EXERCISE DESCRIPTION:
Would you output the entries below only from the line containing "Анапчанина осудили за" through the line containing "Jaelyn Eberle kneeling", exactly as they stand and with both ends included?

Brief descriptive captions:
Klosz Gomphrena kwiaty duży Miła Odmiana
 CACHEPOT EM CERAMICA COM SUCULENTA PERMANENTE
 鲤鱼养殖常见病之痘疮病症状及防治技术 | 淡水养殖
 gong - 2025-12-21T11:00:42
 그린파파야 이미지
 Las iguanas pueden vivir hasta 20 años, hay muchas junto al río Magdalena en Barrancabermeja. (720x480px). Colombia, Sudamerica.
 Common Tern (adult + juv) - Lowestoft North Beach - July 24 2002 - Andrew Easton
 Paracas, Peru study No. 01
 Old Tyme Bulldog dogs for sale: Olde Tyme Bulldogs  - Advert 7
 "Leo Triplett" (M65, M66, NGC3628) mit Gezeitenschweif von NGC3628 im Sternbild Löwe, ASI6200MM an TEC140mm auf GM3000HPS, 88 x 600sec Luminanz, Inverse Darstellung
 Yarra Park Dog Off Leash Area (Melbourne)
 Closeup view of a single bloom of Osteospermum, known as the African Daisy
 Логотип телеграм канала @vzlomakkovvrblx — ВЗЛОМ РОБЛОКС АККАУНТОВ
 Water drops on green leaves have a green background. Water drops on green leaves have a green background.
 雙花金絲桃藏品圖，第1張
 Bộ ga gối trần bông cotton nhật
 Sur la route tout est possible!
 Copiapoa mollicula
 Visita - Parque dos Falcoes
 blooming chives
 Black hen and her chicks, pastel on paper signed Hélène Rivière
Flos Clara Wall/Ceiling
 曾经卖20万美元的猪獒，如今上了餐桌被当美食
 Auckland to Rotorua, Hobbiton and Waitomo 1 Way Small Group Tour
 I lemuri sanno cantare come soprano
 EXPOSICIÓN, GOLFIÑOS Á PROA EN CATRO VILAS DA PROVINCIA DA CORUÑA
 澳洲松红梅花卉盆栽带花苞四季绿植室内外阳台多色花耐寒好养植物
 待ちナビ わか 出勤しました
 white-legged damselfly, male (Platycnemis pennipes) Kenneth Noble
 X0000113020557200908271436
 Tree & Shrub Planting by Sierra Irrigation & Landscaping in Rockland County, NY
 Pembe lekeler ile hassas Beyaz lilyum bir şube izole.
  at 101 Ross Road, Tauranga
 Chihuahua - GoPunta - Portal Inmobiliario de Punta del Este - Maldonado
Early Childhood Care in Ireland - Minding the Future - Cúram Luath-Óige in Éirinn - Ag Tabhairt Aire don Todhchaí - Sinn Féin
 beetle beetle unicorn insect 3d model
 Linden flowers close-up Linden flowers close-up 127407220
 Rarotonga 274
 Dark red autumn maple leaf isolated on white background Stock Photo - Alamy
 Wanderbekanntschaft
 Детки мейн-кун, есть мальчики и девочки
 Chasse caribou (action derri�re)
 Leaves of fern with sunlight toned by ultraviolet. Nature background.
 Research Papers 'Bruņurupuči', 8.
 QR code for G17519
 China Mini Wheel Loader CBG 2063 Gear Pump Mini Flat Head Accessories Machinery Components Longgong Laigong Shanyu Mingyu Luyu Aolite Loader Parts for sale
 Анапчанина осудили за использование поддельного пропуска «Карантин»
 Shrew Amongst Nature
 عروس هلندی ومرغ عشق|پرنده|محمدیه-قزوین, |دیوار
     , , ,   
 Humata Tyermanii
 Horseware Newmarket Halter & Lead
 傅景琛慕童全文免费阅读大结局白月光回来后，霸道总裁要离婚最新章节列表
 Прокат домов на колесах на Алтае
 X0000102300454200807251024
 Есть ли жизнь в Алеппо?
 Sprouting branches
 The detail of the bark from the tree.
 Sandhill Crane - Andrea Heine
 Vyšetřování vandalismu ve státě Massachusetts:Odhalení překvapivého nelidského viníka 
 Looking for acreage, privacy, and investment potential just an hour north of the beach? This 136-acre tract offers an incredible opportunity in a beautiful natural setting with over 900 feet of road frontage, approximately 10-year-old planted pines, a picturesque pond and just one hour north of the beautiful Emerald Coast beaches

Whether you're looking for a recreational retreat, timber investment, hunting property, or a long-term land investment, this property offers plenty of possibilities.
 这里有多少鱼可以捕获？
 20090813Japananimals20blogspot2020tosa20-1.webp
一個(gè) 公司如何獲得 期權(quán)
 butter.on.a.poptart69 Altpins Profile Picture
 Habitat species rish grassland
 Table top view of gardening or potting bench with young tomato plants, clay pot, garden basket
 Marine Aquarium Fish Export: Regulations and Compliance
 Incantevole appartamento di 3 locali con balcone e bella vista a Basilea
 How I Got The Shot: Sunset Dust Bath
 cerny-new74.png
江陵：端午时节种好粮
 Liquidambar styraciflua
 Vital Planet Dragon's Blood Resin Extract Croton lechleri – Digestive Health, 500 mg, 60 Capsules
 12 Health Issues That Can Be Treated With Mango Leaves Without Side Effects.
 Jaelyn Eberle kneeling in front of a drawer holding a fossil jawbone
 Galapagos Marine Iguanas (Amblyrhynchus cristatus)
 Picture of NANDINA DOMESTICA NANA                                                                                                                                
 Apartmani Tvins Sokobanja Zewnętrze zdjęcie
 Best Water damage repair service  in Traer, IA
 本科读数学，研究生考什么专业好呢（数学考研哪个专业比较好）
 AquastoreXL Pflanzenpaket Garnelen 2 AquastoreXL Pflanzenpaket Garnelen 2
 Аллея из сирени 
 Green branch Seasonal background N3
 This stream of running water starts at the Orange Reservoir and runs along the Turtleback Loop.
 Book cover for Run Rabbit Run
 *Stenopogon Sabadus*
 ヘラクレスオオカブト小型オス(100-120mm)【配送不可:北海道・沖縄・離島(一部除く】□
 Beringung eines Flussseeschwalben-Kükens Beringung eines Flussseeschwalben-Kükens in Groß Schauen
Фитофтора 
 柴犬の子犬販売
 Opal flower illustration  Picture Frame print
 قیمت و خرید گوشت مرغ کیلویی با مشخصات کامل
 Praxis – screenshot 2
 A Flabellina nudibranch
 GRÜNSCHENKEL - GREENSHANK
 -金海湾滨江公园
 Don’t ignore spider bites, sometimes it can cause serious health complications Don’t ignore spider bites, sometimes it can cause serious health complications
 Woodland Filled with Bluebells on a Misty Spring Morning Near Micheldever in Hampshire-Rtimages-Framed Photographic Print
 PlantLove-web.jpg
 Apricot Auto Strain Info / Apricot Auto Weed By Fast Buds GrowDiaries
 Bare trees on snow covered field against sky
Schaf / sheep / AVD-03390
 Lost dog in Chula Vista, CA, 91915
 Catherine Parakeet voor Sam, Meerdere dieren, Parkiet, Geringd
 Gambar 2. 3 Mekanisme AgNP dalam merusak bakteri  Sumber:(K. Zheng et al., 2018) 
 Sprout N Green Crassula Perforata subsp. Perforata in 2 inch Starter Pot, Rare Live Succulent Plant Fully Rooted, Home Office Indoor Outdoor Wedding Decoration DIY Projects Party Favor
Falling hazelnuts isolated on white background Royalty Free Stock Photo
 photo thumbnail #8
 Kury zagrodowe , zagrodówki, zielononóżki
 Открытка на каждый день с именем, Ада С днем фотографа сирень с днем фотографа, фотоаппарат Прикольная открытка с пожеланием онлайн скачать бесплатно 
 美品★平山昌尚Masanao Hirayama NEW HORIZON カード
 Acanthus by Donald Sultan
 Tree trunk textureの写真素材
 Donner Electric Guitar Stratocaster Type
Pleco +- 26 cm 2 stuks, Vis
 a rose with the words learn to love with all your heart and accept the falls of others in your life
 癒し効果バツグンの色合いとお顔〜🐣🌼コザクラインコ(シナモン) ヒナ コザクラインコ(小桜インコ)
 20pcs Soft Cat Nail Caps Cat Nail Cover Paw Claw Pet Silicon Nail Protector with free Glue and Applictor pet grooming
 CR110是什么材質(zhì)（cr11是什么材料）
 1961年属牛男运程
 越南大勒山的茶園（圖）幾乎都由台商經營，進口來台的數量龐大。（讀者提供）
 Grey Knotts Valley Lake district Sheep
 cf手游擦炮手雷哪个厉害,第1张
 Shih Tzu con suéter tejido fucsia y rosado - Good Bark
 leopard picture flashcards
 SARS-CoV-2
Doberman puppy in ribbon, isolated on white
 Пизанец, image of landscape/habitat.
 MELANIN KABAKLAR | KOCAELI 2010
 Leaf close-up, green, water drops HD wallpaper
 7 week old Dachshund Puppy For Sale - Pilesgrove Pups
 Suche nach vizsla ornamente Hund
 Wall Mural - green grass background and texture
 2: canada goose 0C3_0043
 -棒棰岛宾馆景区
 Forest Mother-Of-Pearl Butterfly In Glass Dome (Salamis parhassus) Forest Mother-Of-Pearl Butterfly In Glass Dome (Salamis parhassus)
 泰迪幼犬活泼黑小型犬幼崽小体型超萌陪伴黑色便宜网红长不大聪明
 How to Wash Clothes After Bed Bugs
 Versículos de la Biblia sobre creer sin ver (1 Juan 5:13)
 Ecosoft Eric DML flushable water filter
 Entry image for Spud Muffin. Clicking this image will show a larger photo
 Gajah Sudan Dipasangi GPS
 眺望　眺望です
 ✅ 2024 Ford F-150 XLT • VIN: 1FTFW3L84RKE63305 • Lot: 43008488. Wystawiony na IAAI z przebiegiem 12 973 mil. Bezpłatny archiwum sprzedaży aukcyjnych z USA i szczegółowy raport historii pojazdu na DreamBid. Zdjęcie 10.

EXERCISE OUTPUT:
 Анапчанина осудили за использование поддельного пропуска «Карантин»
 Shrew Amongst Nature
 عروس هلندی ومرغ عشق|پرنده|محمدیه-قزوین, |دیوار
     , , ,   
 Humata Tyermanii
 Horseware Newmarket Halter & Lead
 傅景琛慕童全文免费阅读大结局白月光回来后，霸道总裁要离婚最新章节列表
 Прокат домов на колесах на Алтае
 X0000102300454200807251024
 Есть ли жизнь в Алеппо?
 Sprouting branches
 The detail of the bark from the tree.
 Sandhill Crane - Andrea Heine
 Vyšetřování vandalismu ve státě Massachusetts:Odhalení překvapivého nelidského viníka 
 Looking for acreage, privacy, and investment potential just an hour north of the beach? This 136-acre tract offers an incredible opportunity in a beautiful natural setting with over 900 feet of road frontage, approximately 10-year-old planted pines, a picturesque pond and just one hour north of the beautiful Emerald Coast beaches

Whether you're looking for a recreational retreat, timber investment, hunting property, or a long-term land investment, this property offers plenty of possibilities.
 这里有多少鱼可以捕获？
 20090813Japananimals20blogspot2020tosa20-1.webp
一個(gè) 公司如何獲得 期權(quán)
 butter.on.a.poptart69 Altpins Profile Picture
 Habitat species rish grassland
 Table top view of gardening or potting bench with young tomato plants, clay pot, garden basket
 Marine Aquarium Fish Export: Regulations and Compliance
 Incantevole appartamento di 3 locali con balcone e bella vista a Basilea
 How I Got The Shot: Sunset Dust Bath
 cerny-new74.png
江陵：端午时节种好粮
 Liquidambar styraciflua
 Vital Planet Dragon's Blood Resin Extract Croton lechleri – Digestive Health, 500 mg, 60 Capsules
 12 Health Issues That Can Be Treated With Mango Leaves Without Side Effects.
 Jaelyn Eberle kneeling in front of a drawer holding a fossil jawbone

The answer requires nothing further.